Bret Thomas
Bret Thomas

Reputation: 337

Set document.getElementById to variable

The following works:

    $ = document.form;
    x = $.name.value;

This doesn't:

    $ = document.getElementById;
    x = $("id").value;

Any ideas on why this doesn't work or how to make it so?

Upvotes: 7

Views: 11280

Answers (5)

ZER0
ZER0

Reputation: 25322

The context object is different. When you get a reference of a function you're changing that context object:

var john = {
    name : "john",
    hello : function () { return "hello, I'm " + this.name }
}

var peter = { name : "peter" };

peter.hello = john.hello;

peter.hello() // "hello, I'm peter"

If you want a reference function bound to a specific context object, you have to use bind:

peter.hello = john.hello.bind(john);

peter.hello(); // "hello, I'm john"

So in your case it will be:

var $ = document.getElementById.bind(document);

Upvotes: 4

Diode
Diode

Reputation: 25135

Don't know what you want to achieve, but this can be made working like this

$ = document.getElementById;
x = $.call(document, "id").value;

because getElementById works only when it is a function of document because of the scope it needs.

But I would recommend @Quentin's answer.

Upvotes: 2

Bergi
Bergi

Reputation: 664297

getElementById is a method of the HTMLDocument prototype (of which document is an instance).

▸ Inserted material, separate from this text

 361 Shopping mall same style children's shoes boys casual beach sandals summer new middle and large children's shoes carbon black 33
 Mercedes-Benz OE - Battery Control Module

So, calling the function in global context you will surely get an "Wrong this Error" or something.

You may use

var $ = document.getElementById.bind(document);

but

function $(id) { return document.getElementById(id); }

is also OK and maybe better to understand.

Upvotes: 1

Quentin
Quentin

Reputation: 943207

The value of this depends on how you call the function.

When you call document.getElementById then getElementById gets this === document. When you copy getElementById to a different variable and then call it as $ then this === window (because window is the default variable).

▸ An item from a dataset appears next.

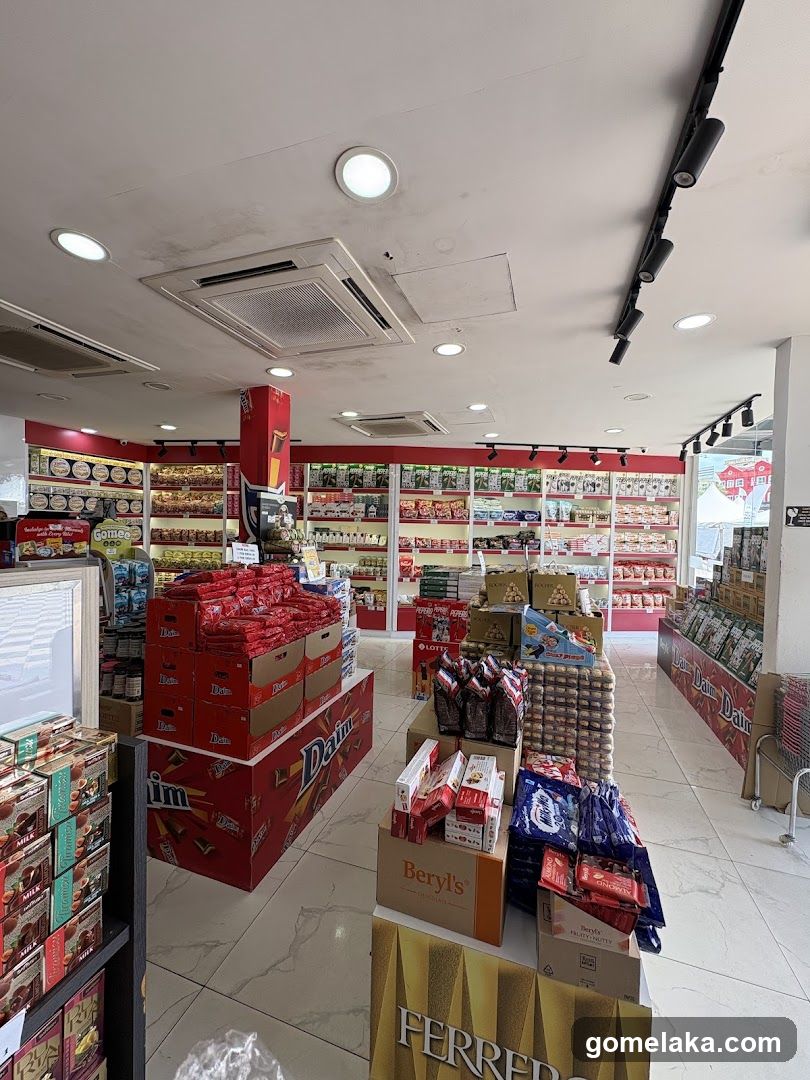 Interior of a confectionery store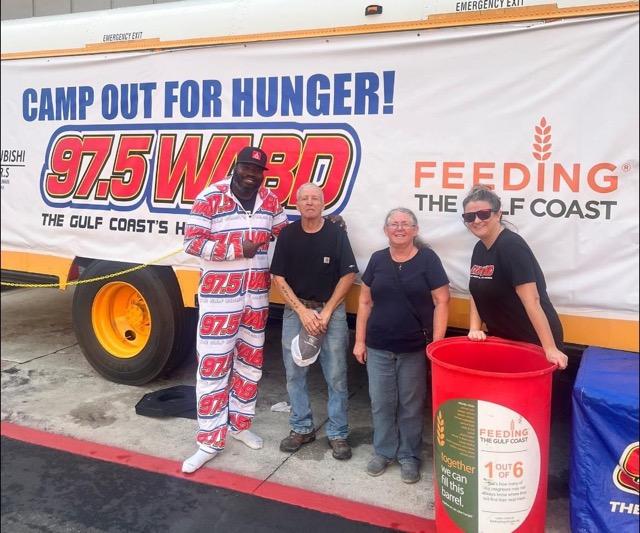 Cumulus Media’s 97.5 WABD Presents Successful Annual Camp Out for Hunger Food Drive Benefiting Gulf Coast Families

This then causes it to look for the id in the window object instead of in the document object, and that fails horribly because windows aren't documents and don't have the same methods.

You need to maintain the document in the call. You can use a wrapper functions for this e.g.

function $ (id) { return document.getElementById(id); }

… but please don't use $. It is a horrible name. It has no meaning and it will confuse people who see it and think "Ah! I know jQuery!" or "Ah! I know Prototype" or etc etc.

Upvotes: 11

Kevin Green
Kevin Green

Reputation: 1195

If you are trying to achieve something like that I would suggest using jQuery. Their $ notation is much more powerful than just getting an element by id.

Also, if you are using any platform that already uses the $ as a variable (ASP .Net sometimes uses this) you may have unpredictable result.